Terkait itu, KPK terus melakukan koordinasi dengan Kejagung, bukan hanya terkait kasus di sektor pajak, namun semua korupsi di berbagai lini negeri ini. “Koordinasi terus dilakukan dalam banyak kasus, tidak hanya pajak,” ujarnya.
Kejagung mensinyalir PT Mobile8 Telecom memanipulasi transaksi penjualan produk telekomunikasi, di antaranya telepon seluler dan pulsa kepada distributor di Surabaya, yakni PT Djaja Nusantara Komunikasi (DNK) senilai Rp 80 milyar selama tahun 2007-2009.
PT DNK tidak sanggup membayar pembelian barang produk komunikasi senilai Rp 80 milyar kepada PT Mobile8 Telecom selama tahun 2007-2009 itu. Sesuai keterangan Direktur PT DNK, Eliana Djaya, bahwa traksaksi senilai Rp 80 milyar tersebut merupakan hasil manipulasi untuk menyiasati seolah-olah ada transaksi sejumlah itu.
Untuk kelengkapan administrasi, pihak Mobile8 Telecom akan mentransfer uang sebanyak Rp 80 milyar ke rekening PT DNK. Pada Desember 2007, PT Mobile8 Telecom dua kali mentransfer dana, masing-masing Rp 50 milyar dan Rp 30 milyar.
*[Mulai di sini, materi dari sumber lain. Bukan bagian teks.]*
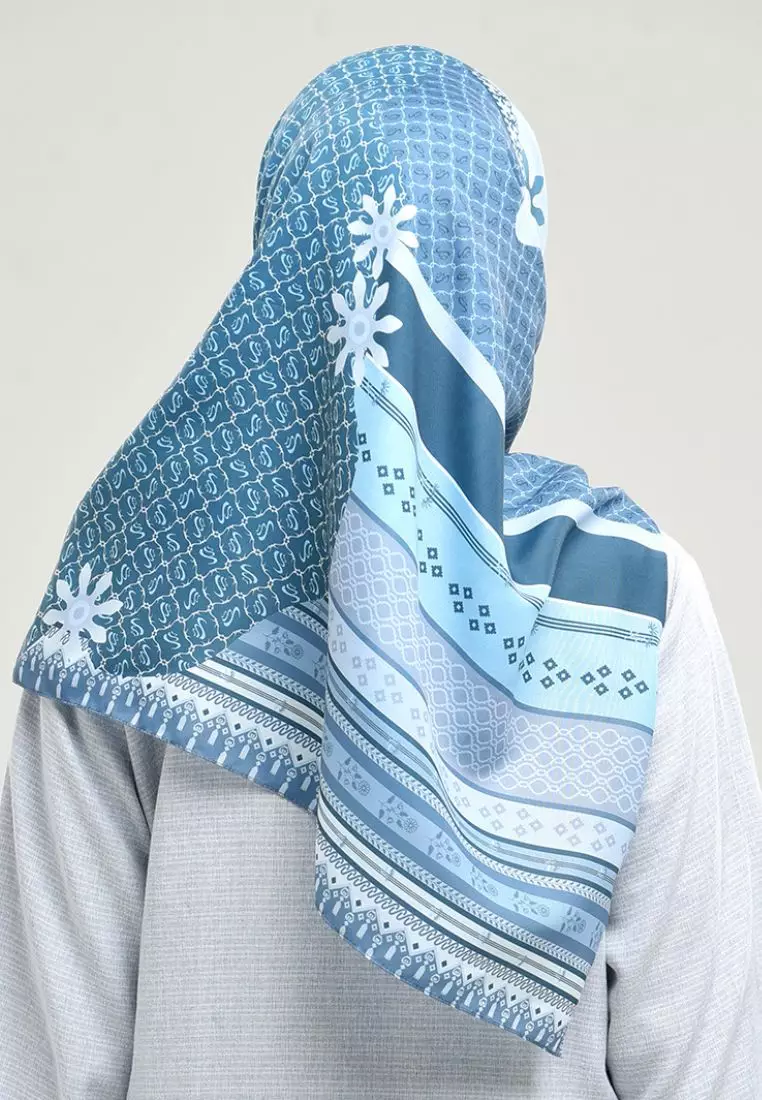 Rabbani - Kerudung Segi Empat Motif Tetra Binara - Teal Blue
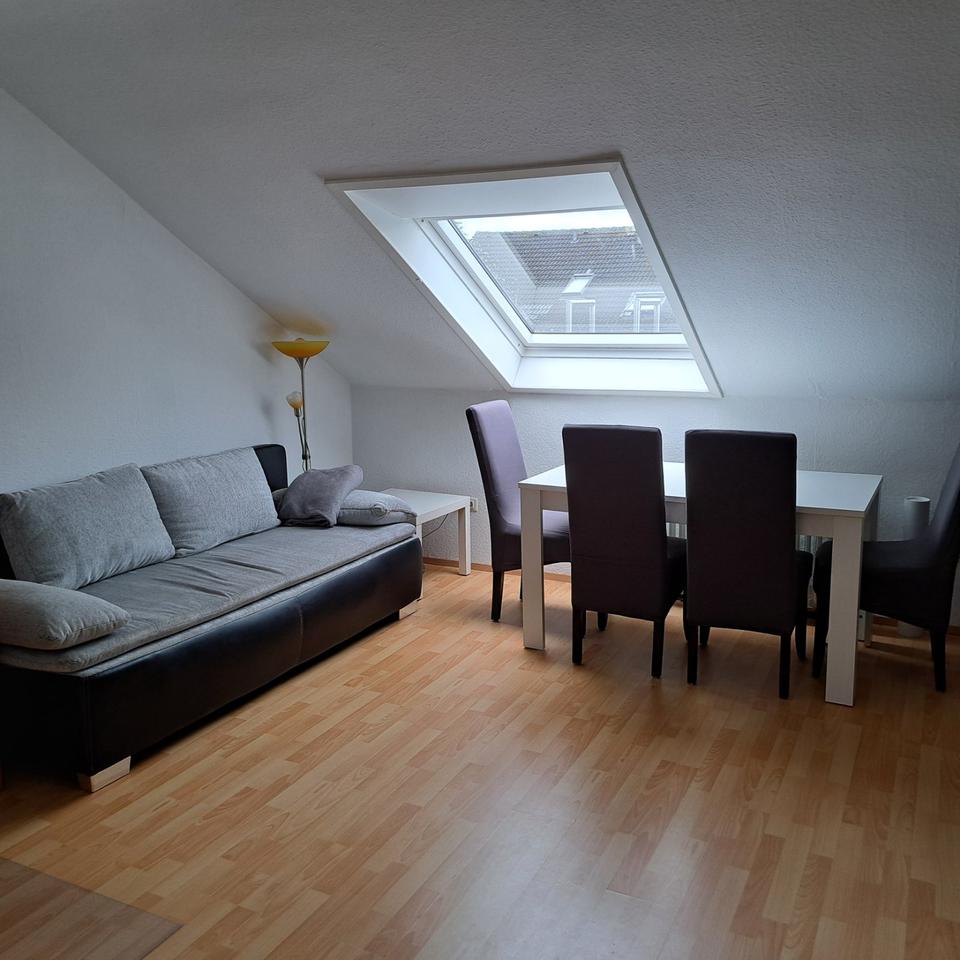 Thumbnail-2-Zimmer-Wohnung zur Zwischenmiete in Düsseldorf Feb.-Juli.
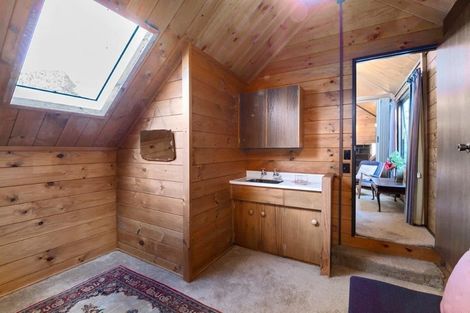 Photo of property in 37 Greenaway Road, Waikanae, 5036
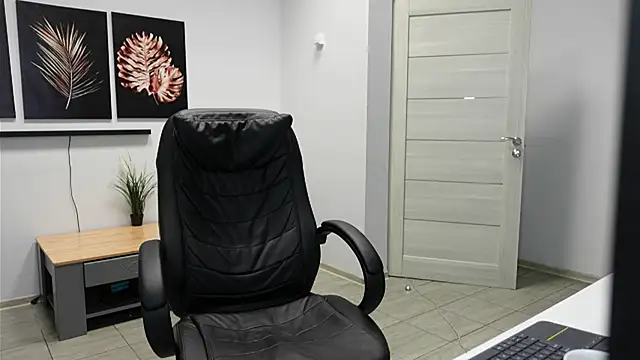 Snapshot of Charles_Dreams chatting on February 14, 2026, 6:41 pm Charles Dreams online show from February 14, 2026, 6:41 pm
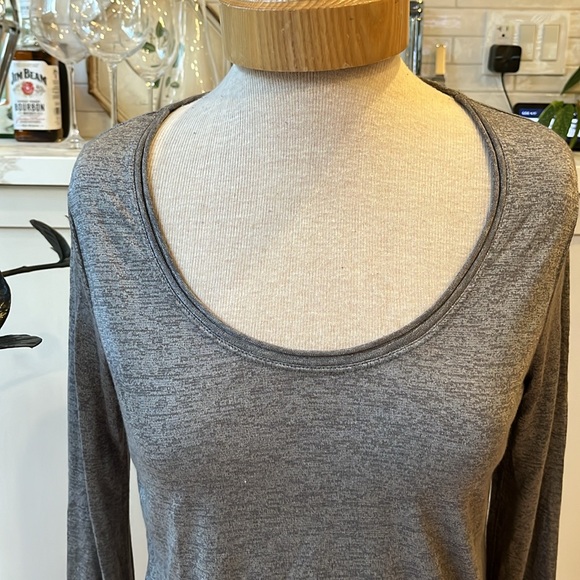 EUC Vince scoop neck metallic pewter finish bodice with black wide hem and cuffs - Picture 3 of 8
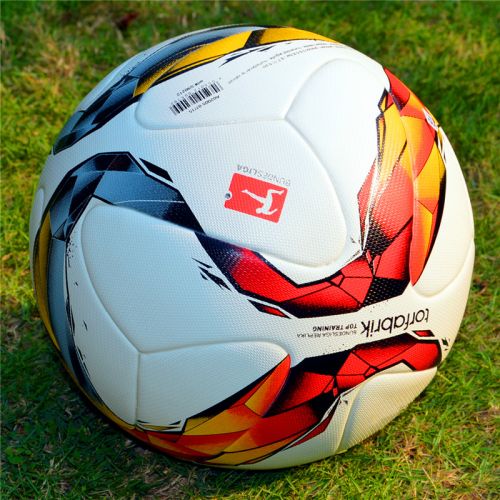 Ballon de football - Ref 6847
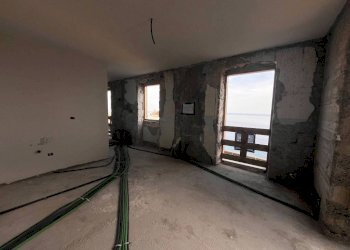 Camera da letto - Bilocale corso Mentone, 48, Ventimiglia - foto 5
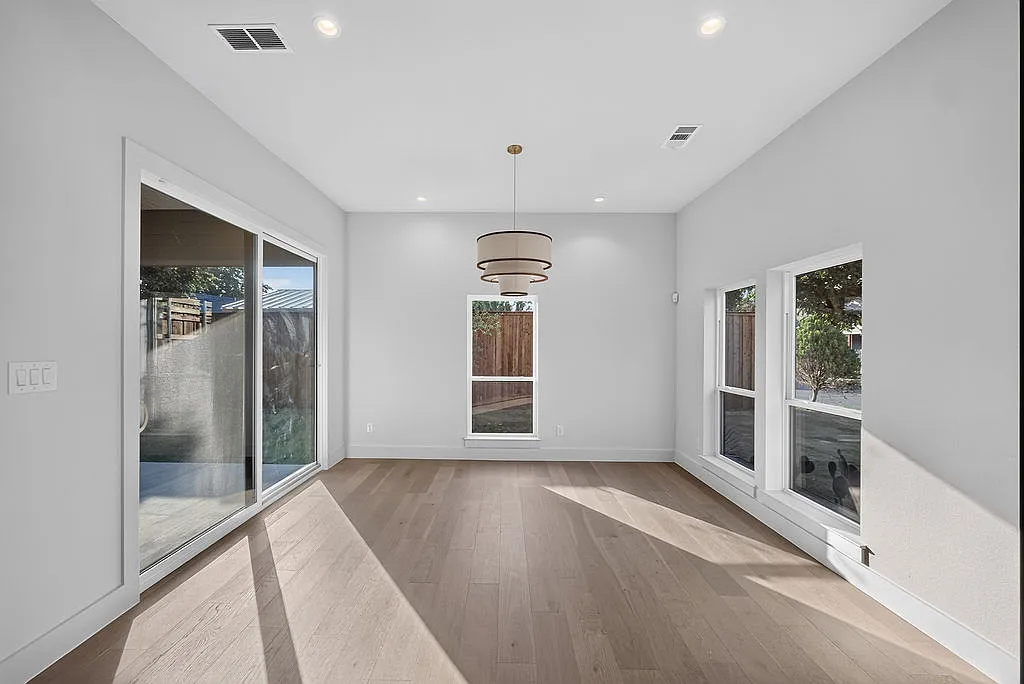 3 bed, 2234 sqft, $3,800 — Photo 3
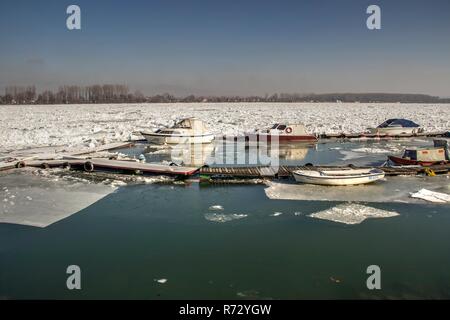 Zemun, Belgrado, Serbia, Gennaio 2017 - Imbarcazioni circondato da blocchi di ghiaccio sul fiume Danubio Foto Stock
Untuk menyiasati agar seolah-olah terjadi jual-beli, maka dibuat invoice atau faktur yang sebelumnya dibuat purchase order.
Setahun kemudian, PT DNK, menerima faktur pajak dari PT Mobile8 Telecom yang total nilainya Rp 114.986.400.000. Padahal, PT DNK tidak pernah melakukan pembelian dan pembayaran, serta menerima barang.
Faktur pajak yang telah diterbitkan seolah-olah ada transaksi-transaksi antara PT Mobile8 Telecom dengan PT DNK, digunakan oleh PT Mobile8 Telecom untuk pengajuan kelebihan pembayaran (restitusi pajak) kepada KPP Surabaya, supaya masuk bursa di Jakarta.
Atas ajuan tersebut, pada tahun 2009, PT Mobile8 Telecom menerima pembayaran restitusi pajak sejumlah Rp 10.748.156.345. Seharusnya, PT Mobile8 Telecom tidak berhak mendapatkan uang sejumlah Rp 10,7 milyar lebih tersebut karena tidak pernah ada jual-beli barang.
Karena KPP Surabaya mengabulkan permohonan kelebihan pajak atas dasar transaksi jual-beli fiktit PT Mobile 8 Telecom yang saat itu dimiliki Harry Tanoesoedibjo, negara mengalami kerugian sekitar Rp 10 milyar.